It’s not a super long friendship.  We met a few years ago and became good friends quite quickly, got along really well. I met him through the guys in his band.  I like to tell people I saved his life in bar fight in Guadalajara.  That’s more interesting.

We hit it off. … He had some time on his hands.  He offered [to produce].  He was like, “What are you guys thinking about for your next record? … Maybe I can help you guys out.”

He didn’t track the thing. We recorded it with my buddy Ben Greenberg from the band The Men.  Ben also recorded Angel Maker.  We took [Ace Called Zero] to Matthew’s studio and mixed and produced it there. And he did additional recording, overdubs and stuff.

What’s your touring setup like? Is it three guys driving to the next gig, taking turns driving?

It’s a station wagon.  We play a pretty stripped-down setup – drums, bass and guitar.  We’ve done a few tours like that and it works out thus far.  If we expand the lineup, if we get another guitar player or a keyboard player … I’ve been trying to put off selling my car as long as I can but I’ll do that eventually and get a van.  Right now we can do it as is.

Are you doing your own booking?

I had a bit of help for this tour. I’ve been playing music for a long time and have booked tours myself.  I can do some of that.  We had a bit of help and I’m looking forward to having more help.
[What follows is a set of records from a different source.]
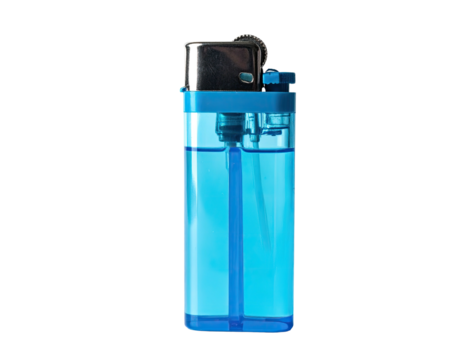 A transparent blue plastic lighter, against a black background, upright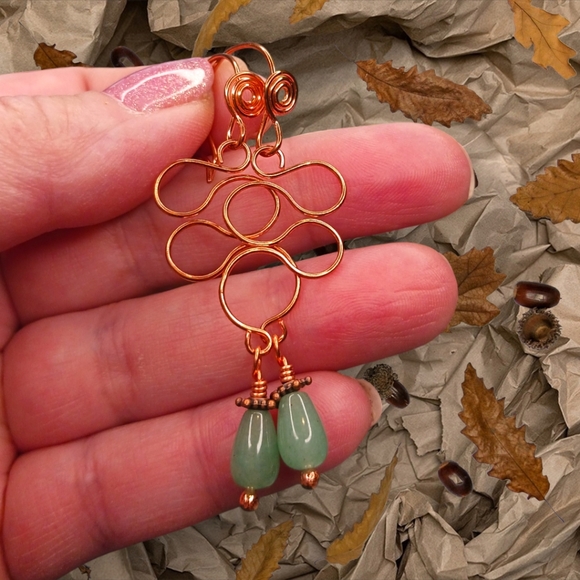Artisan Copper Wire Earrings with Green Adventurine Drop Beads - Picture 3 of 6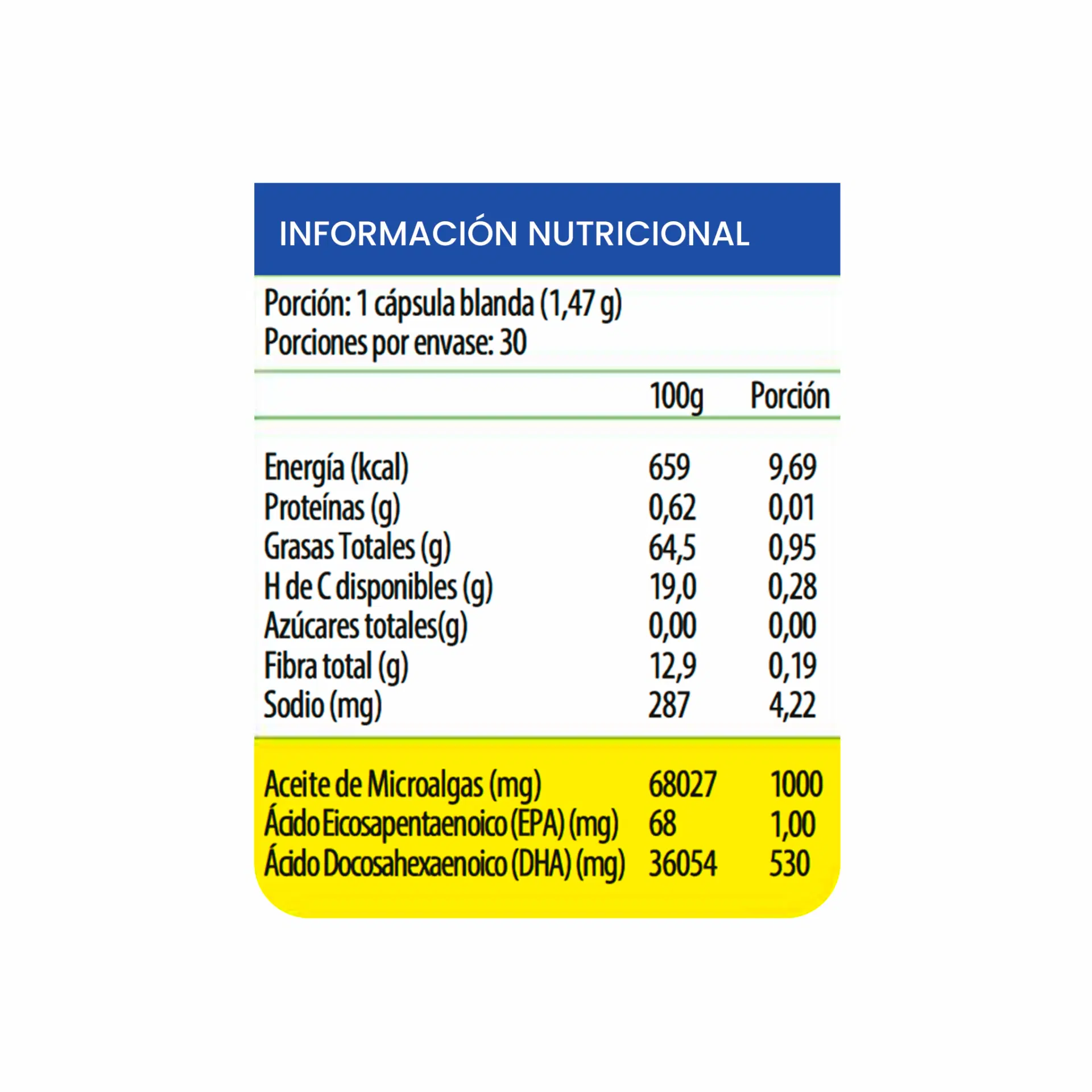 VGUP Vegan Omega 3  Aceite de microalgas (Omega 3 Vegano 530 DHA)  30 cápsulas – vista 2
What do you like about Ace Called Zero?

I think that it stands apart from what’s going on right now.  Not a knock on anybody but I think we’re doing a unique thing and the way we approach it is more like an old-school kind of way.  We recorded it live.  We try to make records the way the records that we love sound. … It’s really direct.  It’s an unapologetic way of presenting the music.  I think the zeitgeist right now is really lush and reverby and … chilled out. It’s not really bracing [and] direct.  We’re proud of the music we make, we’re confident in it and we want to present it forcefully and plainly.  I think making a really spare, kind of austere recording is a different thing than what is going on right now. It’s going against the zeitgeist.

Is there anything about the album that you don’t like?

You always hear something later that you think you could have improved upon. … But you have to commit to the material and record it at a certain point.

After songs are recorded, do you see them as continual works in progress?

I think up to a certain point.  We tinker with things a bit.  Songs have a half-life and we can change them a bit to suit the lineup.  Sometimes they were recorded as a bigger band and we have to alter them because we’re a three-piece. They are open to a bit of tinkering but [a song] has to maintain its core and what I initially liked about it.

Are there moments where you just grab your guitar and hit open mics or other places where you can spend, say 20 minutes or so trying out a few new songs?

I have done that.  Usually I’ll do it if asked.  For a while, in between giving up drums and figuring out how to front the band and present the material, I did do some open mic stuff. But I wouldn’t tell anyone about it.  I was [getting] my feet wet and being in a different position in a band.  I did a bit of that.  It’s good practice but you only play a couple of songs.  When you’re just starting to get into it, you have to get off and let someone else play.

Once in a while I’ll play solo.  But it’s the exception, not the rule.  I prefer playing in a rock band.

Your advance press contains the quote, “I pick up the newspaper and it’s an escapable ecological collapse as fact.  Financial inequality has become modern feudalism.  Violence and exploitation are de facto conditions.” Do you see your lyrics as reflections of current events?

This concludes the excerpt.